According to El-Karim, the UNHCR allocated fixed salaries for refugees in Egypt, in which individuals receive from EGP 400 to EGP 600, and families of four to six members receive EGP 1,000. The centre also helps employ African refugees and foreigners to work as teachers and employees.
“I support them with sedative medications and psychotherapy sessions, but still it is not enough,” Raghda Seleit, a psychiatrist at the El Nadeem Centre for Rehabilitation of Victims of Violence, specialising in providing care and services to Egyptians as well as refugees.
She added that many of the Africans she works with suffer from “what we call post-traumatic stress disorder (PTSD) or anxiety.
Therefore, they are not psychologically qualified to deal with the obstacles they are facing in Egyptian society. Most of the cases are had already experienced different tragedies and traumatic experiences in their home countries; at least one of their family members was tortured, killed or raped in front of her eyes, if she had not [experienced] this first hand.”
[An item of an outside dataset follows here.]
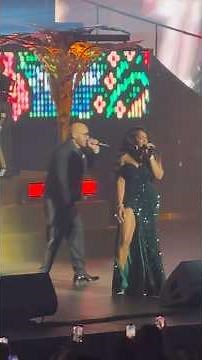 Remy Ma Performs “Lean Back” With Fat Joe At DJ Cassidy’s Pass The Mic Live Las Vegas 7/20/24#remyma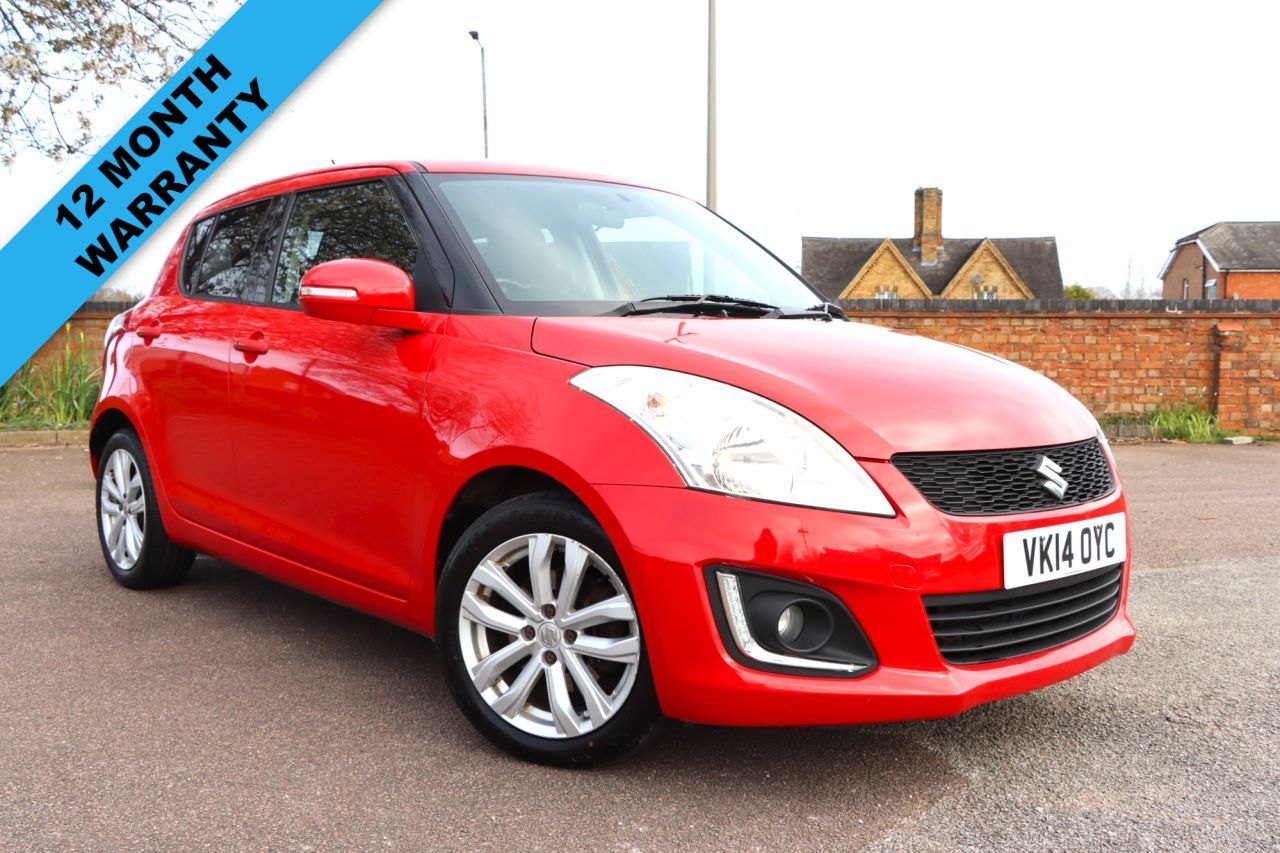 2014 SUZUKI SWIFT for sale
As a psychiatrist concerned with her patients’ psychological well-being, Seleit said: “I advise them to leave their work, since a recovering PTSD patient requires a safe environment, but this would be inapplicable since their life will totally deteriorate without any income.”
According to Egyptian labour law, non-Egyptians are not allowed to work as employees in any Egyptian companies or intuitions. Therefore, they resort to working in houses as cleaners and babysitters, where they are paid negligible salaries.
Malek Adly, Director of the Lawyers’ Network at the Egyptian Centre for Economic and Social Rights (ESCESR) said: “The point is in Egypt we are not totally committed to the 1951 refugee convention policies.”
“On the other hand, the government rejected many of the projects that included support services for refugees; these projects were offered from external and internal sources,” he added.
According to Adly, in police stations, refugees are not considered part of society, and therefore do not have the right to complain about anything.
“When anyone of the refugees tries to show their UN asylum card to the police, they ask them to go to the UNHCR and report, since it’s responsible for refugees’ affairs,” he said. On the other hand, he noted that policemen often verbally assault and physically abuse Africans refugees of both genders.
Meanwhile, Adly suggested that the Egyptian law should be more committed to the agreements held between Egypt and African countries regarding the affairs of African in Egypt. To improve African domestic workers’ conditions in Egypt, we should issue a law that grants them their rights and safeguards them from any inhuman abuse, he said.
When asked what she felt she might take away from her experience if she had an opportunity to leave Egypt, Sophie said: “Nothing at all. Not from the country or the people.”